# Comprehensive Sentiment Analysis Project

## A Deep Learning Approach to Social Media Sentiment Classification

**Authors**: Discovery Project Team  
**Date**: January 2025  
**Objective**: Develop and optimize neural network architectures for sentiment analysis using multiple deep learning approaches

---

## Abstract

This comprehensive project implements and compares multiple neural network architectures for sentiment analysis of social media data from the Exorde dataset. We systematically progress through 12 key phases: from basic model implementation to advanced optimization techniques, incorporating insights from foundational literature in natural language processing and deep learning. Our implementation includes RNN, LSTM, GRU, and Transformer architectures with various enhancements including attention mechanisms, bidirectional processing, and pre-trained embeddings.

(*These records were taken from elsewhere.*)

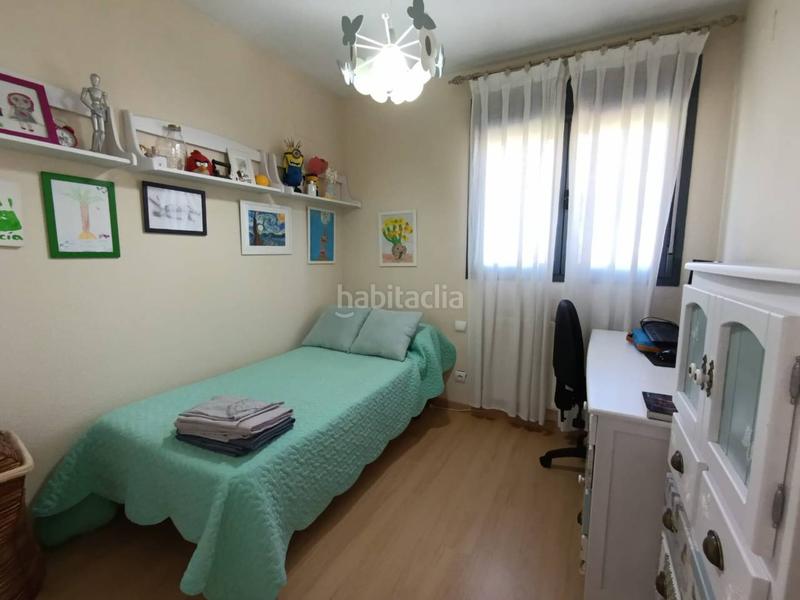 Foto 36bd236f-79ee-45bd-be1a-92079ba6b8d7. Semi detached house with heating parking in Molar (El)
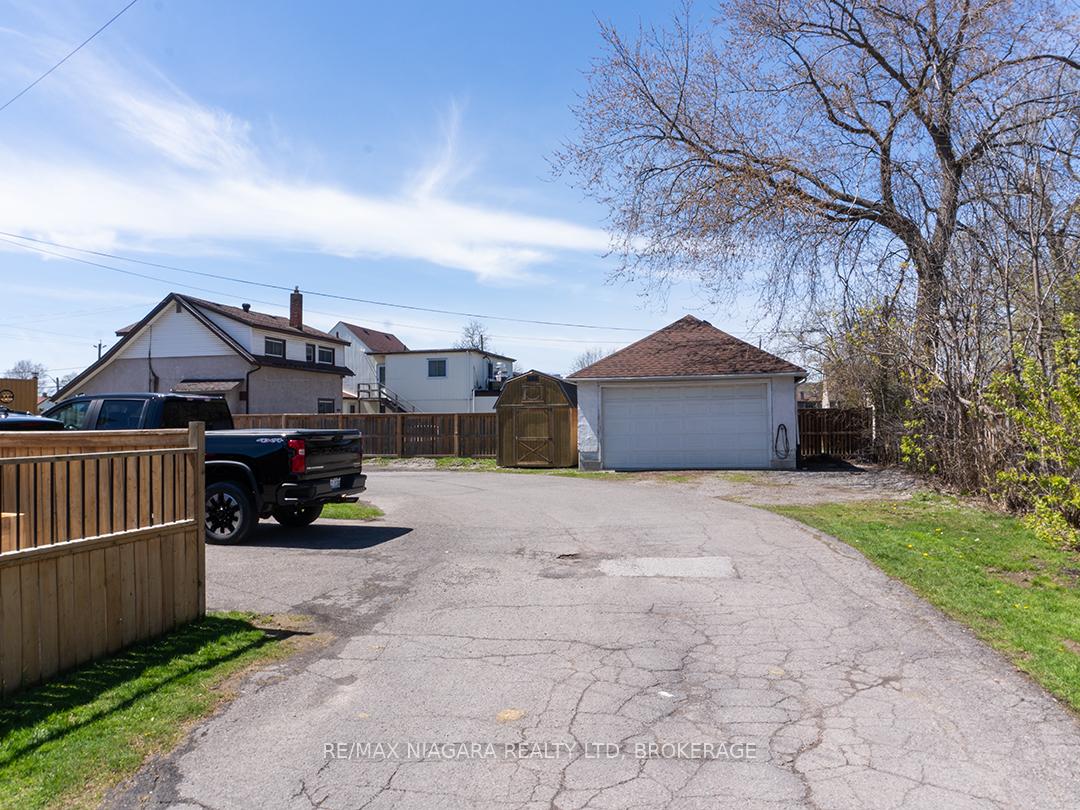 Photo 5 of 481 Main Street W, Port Colborne, Main Street — HOMEH
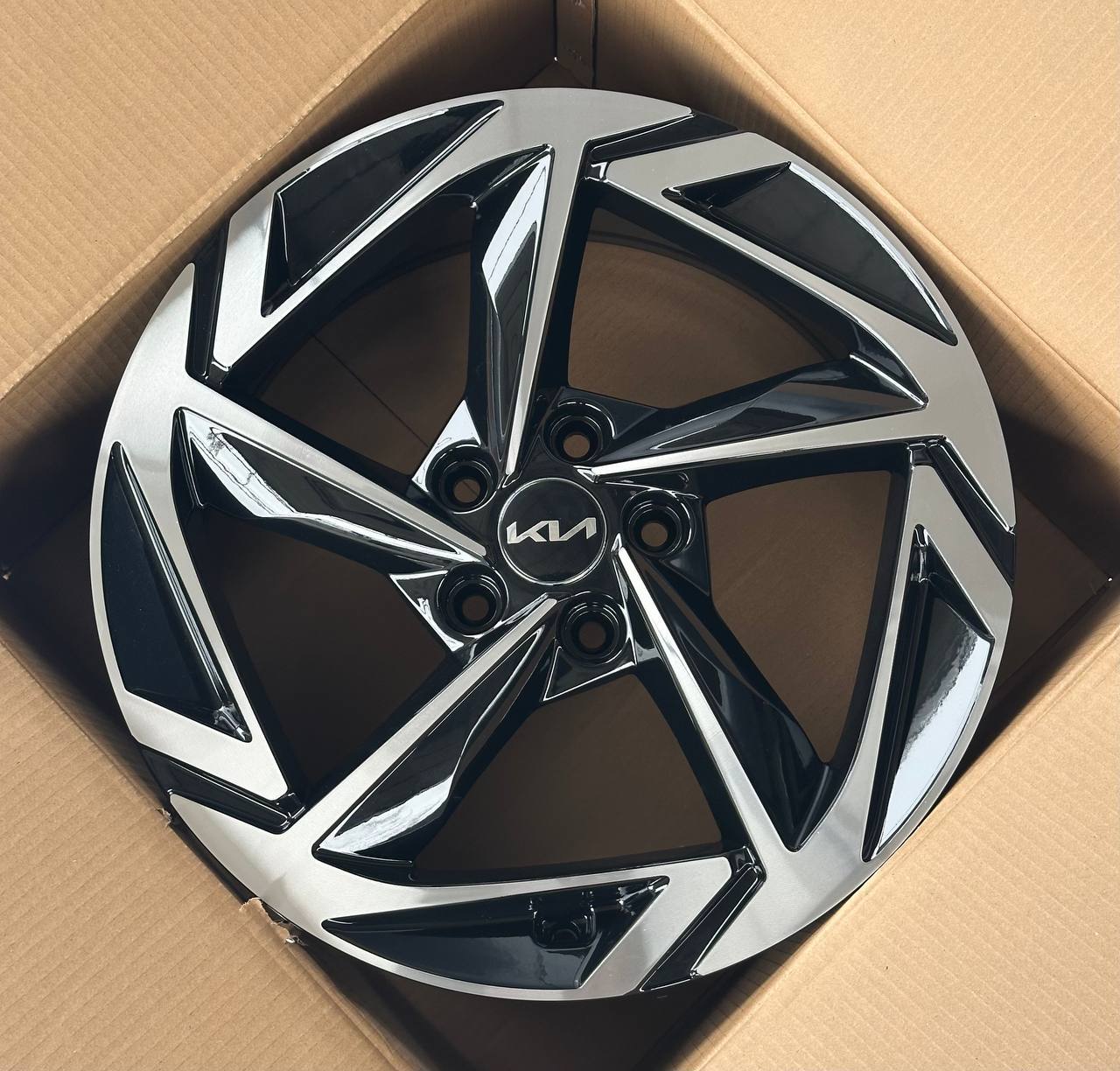 Литые диски Zumbo Wheels 7.5×R18 5×114.3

The project demonstrates a methodical approach to machine learning model development, progressing from baseline implementations to sophisticated optimized models. We achieve significant performance improvements through systematic hyperparameter tuning, architectural enhancements, and advanced training techniques, ultimately reaching competitive F1 scores on multi-class sentiment classification.

---

## Table of Contents

1. [Setup & Prerequisites](#1-setup--prerequisites)
2. [Core Utilities & Model Definitions](#2-core-utilities--model-definitions)
3. [Data Acquisition](#3-data-acquisition)
4. [Model Visualization](#4-model-visualization)
5. [Enhanced Architecture Comparison](#5-enhanced-architecture-comparison)
6. [Hyperparameter Tuning](#6-hyperparameter-tuning)
7. [Foundational Improvements (Baseline V2)](#7-foundational-improvements-baseline-v2)
8. [Advanced Training Demonstration](#8-advanced-training-demonstration)
9. [Final Hyperparameter Optimization](#9-final-hyperparameter-optimization)
10. [Comprehensive Error Analysis](#10-comprehensive-error-analysis)
11. [Final Model Training](#11-final-model-training)
12. [Final Report Generation](#12-final-report-generation)

---

## Literature Review

Our approach is grounded in foundational research in natural language processing and deep learning. This section reviews five key papers that inform our architectural choices and optimization strategies.

### 1. "Attention Is All You Need" (Vaswani et al., 2017)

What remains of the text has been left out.